Y la prima Vera, como cualquier otro familiar, siempre llega para fastidiar. Uno está ya acostumbrado a embutirse en su pijama largo, con la goma de la cintura cedida como requisito imprescindible para que las sábanas de franela le admitan entre sus acogedores pliegues, cuando de repente los calores que se cuelan por el balcón comienzan a alterar nuestro sueño y a juzgar nuestro atuendo. Al principio tratamos de negar la evidencia, no es para tanto, seguro que cuando avance la noche refresca... y nos conseguimos dormir, pero a altas horas sentimos de nuevo calor, no del que acaba de empezar sino del que lleva un buen rato ahí esperando que le hagamos caso. Nos revolvemos, buscamos una zona más fresca dentro de la cama pero nos topamos con dos evidencias: la franela sigue siendo franela por todas partes y la cama es de 90 centímetros de anchura, así que no existen zonas que no se hayan contagiado de nuestro calor. Sacamos una pierna, retiramos la ropa hasta la cintura… nos sentimos mejor, conseguimos recuperar el sueño y pensamos que todo ha terminado satisfactoriamente. Nos equivocamos. La noche se sigue arrastrando y nos recuerda que el verano aún está lejos, el calor no era tanto como parecía y notamos algo de fresco en nuestras descubiertas extremidades… urge volver a taparse pero las sábanas están hechas un gurruño y hay que desperezar al menos dos neuronas para desentrañarlo. Nos hemos vuelto a despertar y juramos que a partir de la próxima noche el pijama corto será nuestro vestuario de cabecera para poder dormir felizmente tapados hasta los ojos. Esa temperatura engañosa no conseguirá jugar con nosotros de nuevo.

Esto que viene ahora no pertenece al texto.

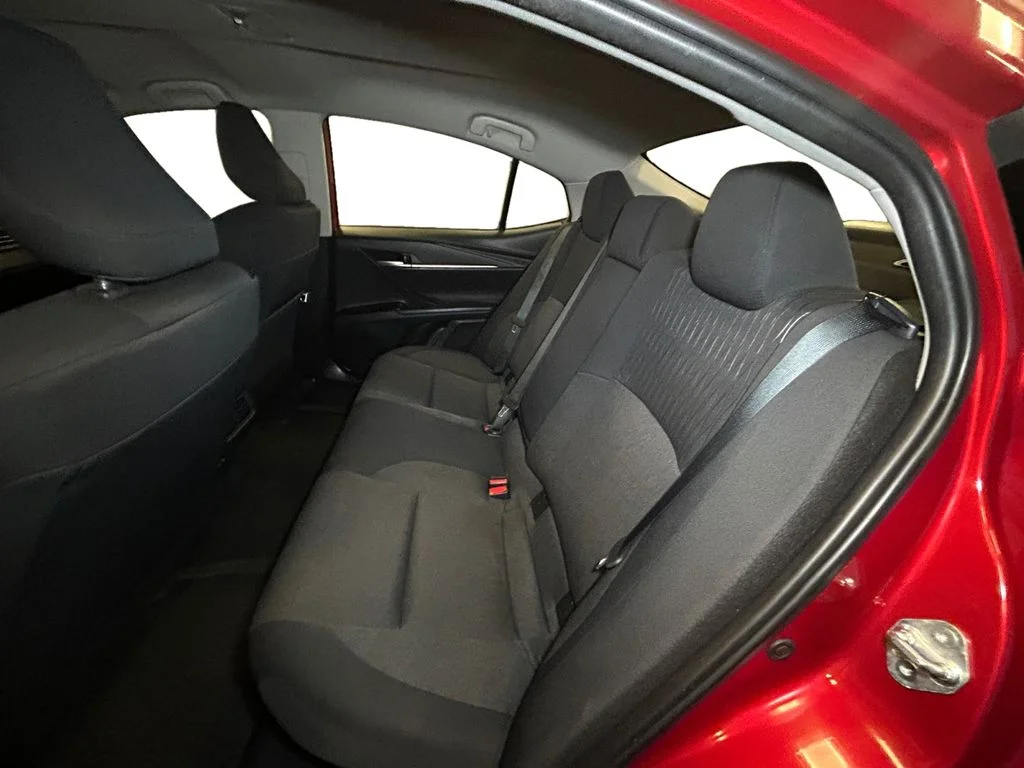 Used 2025 Supersonic Red Toyota LE image 13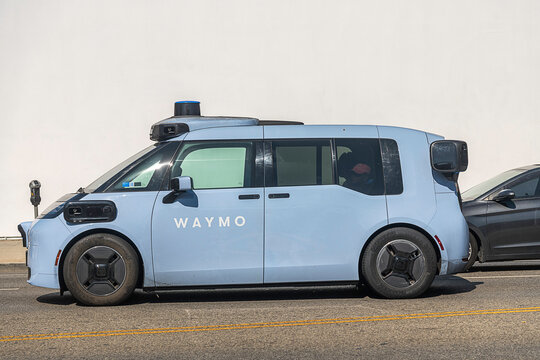Los Angeles, CA, USA: August 22, 2026: A Waymo autonomous taxi drives down La Brea Avenue in Los Angeles, CA. The blue custom-built electronic robotaxi is named the Ojai.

La noche siguiente se presenta llena de promesas, por fin podremos llevar ropa más cómoda y sentiremos la suavidad de la franela en las piernas por primera vez en muchos meses. En cuanto apagamos la tele corremos a refugiarnos en la cama deseando estrenar la nueva situación. Todo parece ir bien y caemos abandonados al sueño con la seguridad de que nada nos molestará hasta que suene el despertador. Esta vez hemos dormido de un tirón, todo parece haber ido bien pero tenemos una sensación extraña… nos tocamos los brazos y los tenemos fríos, tratamos de recordar porqué y nos vuelve a la mente entre brumas de sopor que hemos adoptado la posición fetal durante las siete horas que hemos compartido con nuestra cama… porque hacía algo de fresco, de hecho notamos el cuello un poco dolorido ¿Ha sido la postura o la almohada? ¿Cómo puede ser que hayamos tenido frío si la noche anterior no dejábamos de sudar? ¿Qué coño está pasando? ¿Hace frío o hace calor? ¿Qué ropa nos ponemos para dormir? Tal vez alguien se ha molestado en crear la figura del pijama de entretiempo… pero seguro que resultará inapropiado para cualquier clase de tiempo porque nunca estamos “entre” sino “en”… No podemos perder esta batalla, nos quedan opciones, estamos seguros de ello… ¡Aún no hemos probado a poner sábanas de verano con el pijama de invierno! Ajá… chúpate esa prima Vera.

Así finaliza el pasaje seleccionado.